W Święto Niepodległości bp Marek Mendyk przewodniczył Mszy św. w intencji Ojczyzny w strzegomskiej bazylice. Modlił się o rozwój inteligencji, która przed ponad 100 laty poprowadziła naród do odzyskania wolności.
Obchody narodowego święta w Strzegomiu rozpoczęły się od uroczystej sesji Rady Miasta, po której tradycyjnie na przykościelnym skwerze wciągnięto na maszt państwową flagę i odegrano hymn Polski. Centralnym punktem była natomiast Msza św. w asyście kompanii honorowej Wojska Polskiego X Brygady Logistycznej w Opolu, której przewodniczył biskup świdnicki Marek Mendyk. Pasterz diecezji wygłosił też okolicznościową homilię, w której przypominając losy Rzeczypospolitej, zwrócił uwagę na kondycję inteligencji.

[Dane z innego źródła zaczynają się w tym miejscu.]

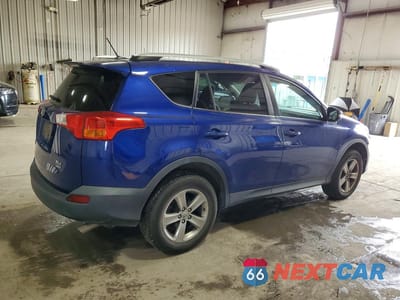 Trzecie zdjęcie samochodu z tyłu: 2015 TOYOTA RAV4 XLE VIN:2T3RFREV6FW312911 - miniatura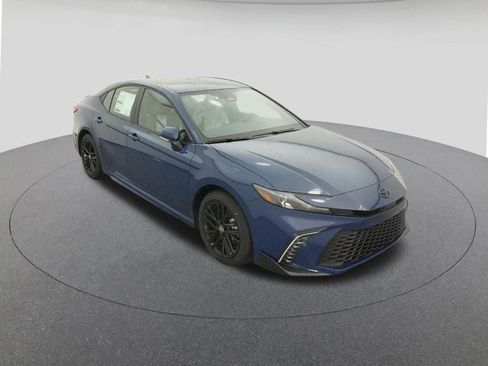 New 2026 Toyota Camry SE image 13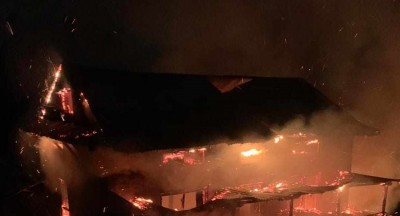 विद्युत् सर्ट भइ डडेल्धुरामा आगलागी, दुई करोडभन्दा बढीको नोक्सान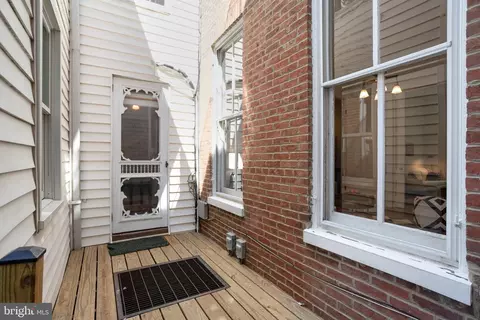 Exterior - 509 E Capitol St SE, Washington, DC 20003 photo 10 of 12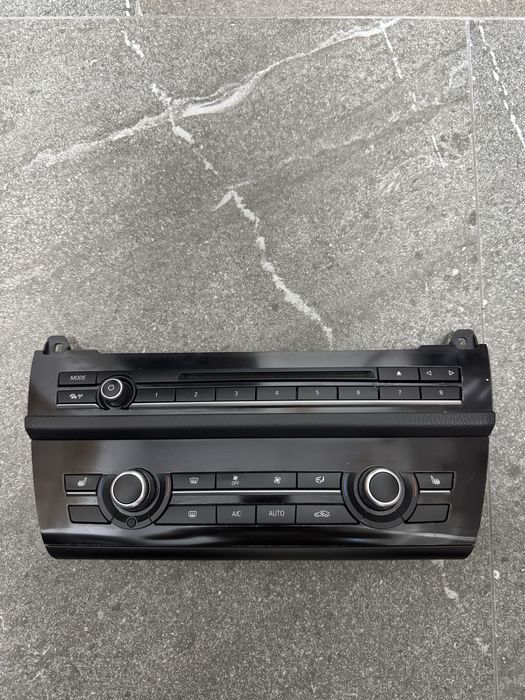 Vand panou clima bmw seria 5 f10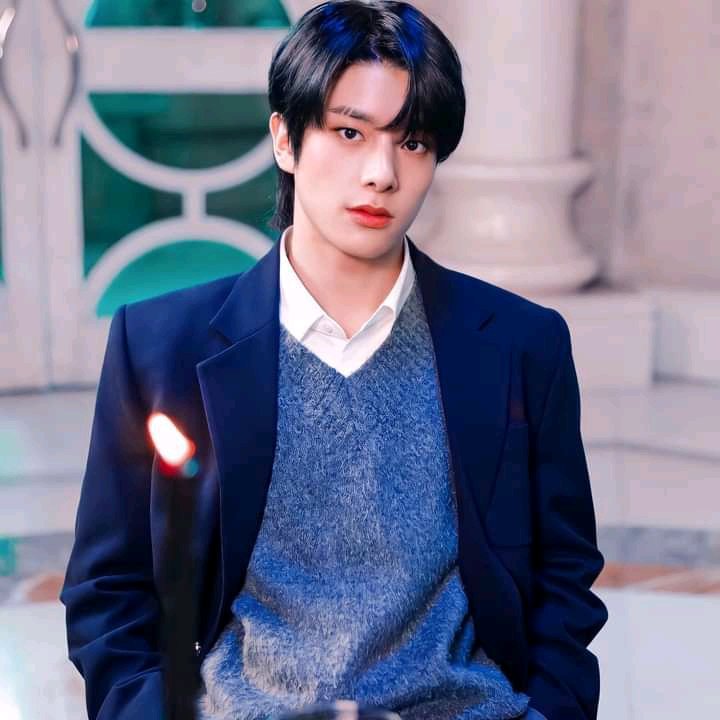 Lhyne40547016's tweet photo. I nominate #SHIMJAEHYUN of #ENHYPEN @ENHYPEN_members for #100MostHandsomeMen2021 
#ShimJake https://t.co/3Z8hm9Fjoj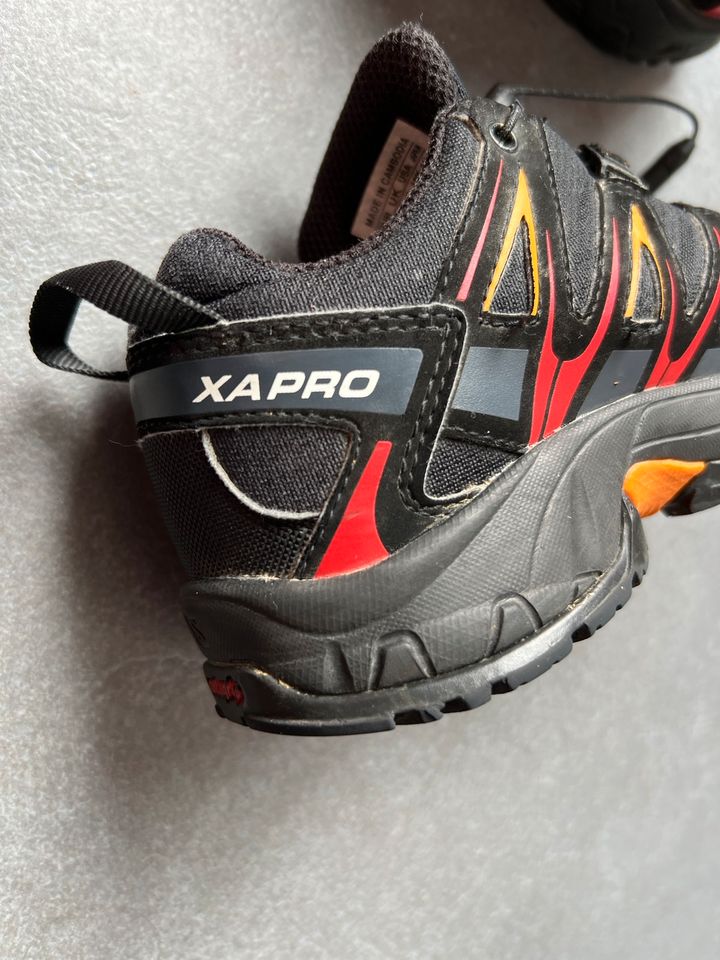 Super Salomon Kinderschuhe gr.  27 XAPro Contagrip Turnschuhe in Neusäß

- Jako warstwa społeczna to elita ludzi wykształconych i nastawionych patriotycznie, elita ludzi o wysokim morale, autorytecie społecznym. Tak było w historii, zwłaszcza w zaborze rosyjskim, ale nie tylko. To byli ludzie wysokiej kultury, wykształceni, artyści. Stanowili główną grupę dostawców kultury, tego, co było zaborcom najtrudniej zniszczyć, tego, co nam od tamtych czasów zostało do dzisiaj. Trzeba pamiętać, że patriotyczne nastawienie nierzadko marginalizowało tę grupę uchodzącą w oczach zaborców za niebezpieczną i podejrzaną. Niemcy dobrze się orientowali, jak niebezpieczny jest dla nich polski inteligent i charakterystycznymi dla siebie metodami robili wszystko, aby tę grupę niemal zupełnie unicestwić. W dużej mierze ten plan zrealizowali w czasie okupacji, zwłaszcza w stosunku do uczonych i duchowieństwa. Straty te są naszym dziedzictwem i przekleństwem do dzisiaj - przypominał biskup świdnicki Marek Mendyk.

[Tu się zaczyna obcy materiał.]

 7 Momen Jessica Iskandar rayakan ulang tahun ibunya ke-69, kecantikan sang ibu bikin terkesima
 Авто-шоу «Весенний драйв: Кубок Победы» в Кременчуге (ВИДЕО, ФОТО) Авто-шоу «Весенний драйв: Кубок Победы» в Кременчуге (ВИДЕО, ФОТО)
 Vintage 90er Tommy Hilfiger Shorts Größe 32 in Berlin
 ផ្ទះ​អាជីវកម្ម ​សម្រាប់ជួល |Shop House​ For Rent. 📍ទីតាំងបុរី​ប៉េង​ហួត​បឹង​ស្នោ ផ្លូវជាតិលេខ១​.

Zauważył, że w ich miejsce sukcesywnie wchodziła czerwona inteligencja, która najpierw wymyśliła komunizm, a potem tworzyła fantasmagorie o nowym socjalistycznym człowieku i eliminowała przeciwników nowego porządku.
Dodał, że właśnie dlatego tak ważne jest, by dzisiaj zadbać i zabiegać o nowe elity - ludzi, którzy myślą, mówią i oddychają Polską.